Many students have stopped attending school. Rising absenteeism and outright dropout rates concern many officials. They are an indication that teenagers want something different.
Recently, EdChoice did a survey of teenage students. They found that over half of them would prefer a school week that was fewer than five days a week.
So, if this isn’t the right path, what is?
One high school principal I know indicated that he would love to change the way that we do school. He thinks that teenagers, with parents, should be in charge of the time, place, pace, and path of their learning.
Time, Place, Pace, and Path
Choice in when to learn: Not all teenagers are morning people. Yet most of them must wake up by 6 a.m. to be able to leave by 7 a.m. to get to school by 7:15 a.m. That is a schedule for someone who thrives in the morning. There have been numerous studies that high school should start later in the day, because teenagers need more sleep. Allowing students to choose when to learn could be the solution.
Choice in where to learn: Is the classroom the best place to learn? That probably depends on the topic, right? Some learning could happen in the classroom, but sometimes it might be better to learn outside. In fact, some new models of learning are based upon this fact. Students spend 80 to 90 percent of their time outside in these models. And it is very helpful for students with autism or ADD.
In addition, some students are taking classes of interest outside of the school system. Classes like dance, music, coding, creative writing groups, and many others should “count” as learning in our school system.
Choice in how fast to learn: Some students need more time on a subject to really understand, while others need less time. And who those students are can change from subject to subject. Sometimes, students and adults want more time on a topic because they are interested. But regular bell schedules can artificially end those beautiful learning moments that students are having.

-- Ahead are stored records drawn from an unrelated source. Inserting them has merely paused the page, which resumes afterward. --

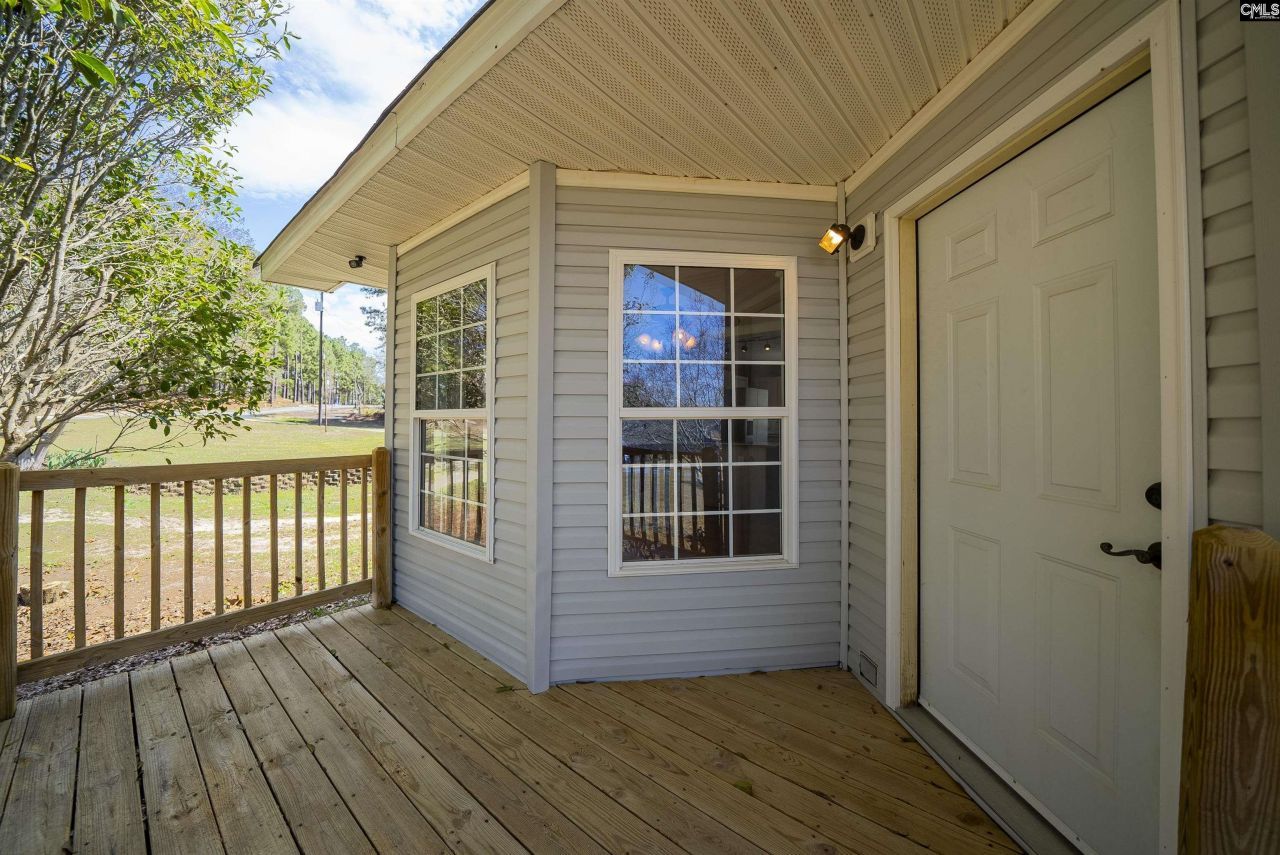 233 Drawdebil Court  Photo 5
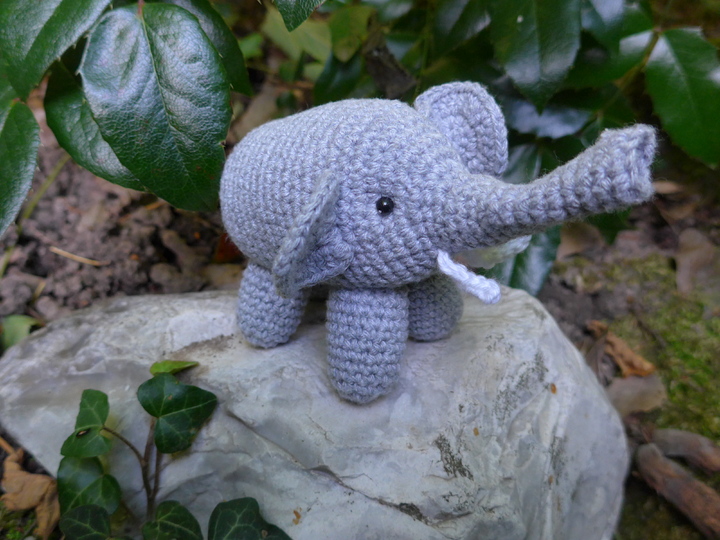 Elefanten häkeln, Anleitung in verschiedenen Größen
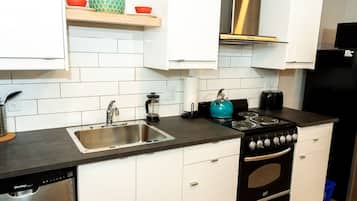 Frigorifero, microonde, forno, piano cottura
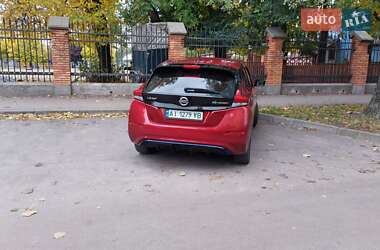 Хэтчбек Nissan Leaf 2018 в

Choice in what to learn: We all have different abilities and aptitudes. It is far easier to dive deep into a subject that we love than one that we hate. This specialization can and should be encouraged. We need people who are great scientists, great authors, great artists, and great musicians. This can happen if we allow for choice in what to learn.
Teenagers want to study something meaningful. But what is meaningful to one is boring to another. We can change the way school looks for teenagers, but it requires us to trust parents and to trust students in deciding what, where, when, and how fast to learn.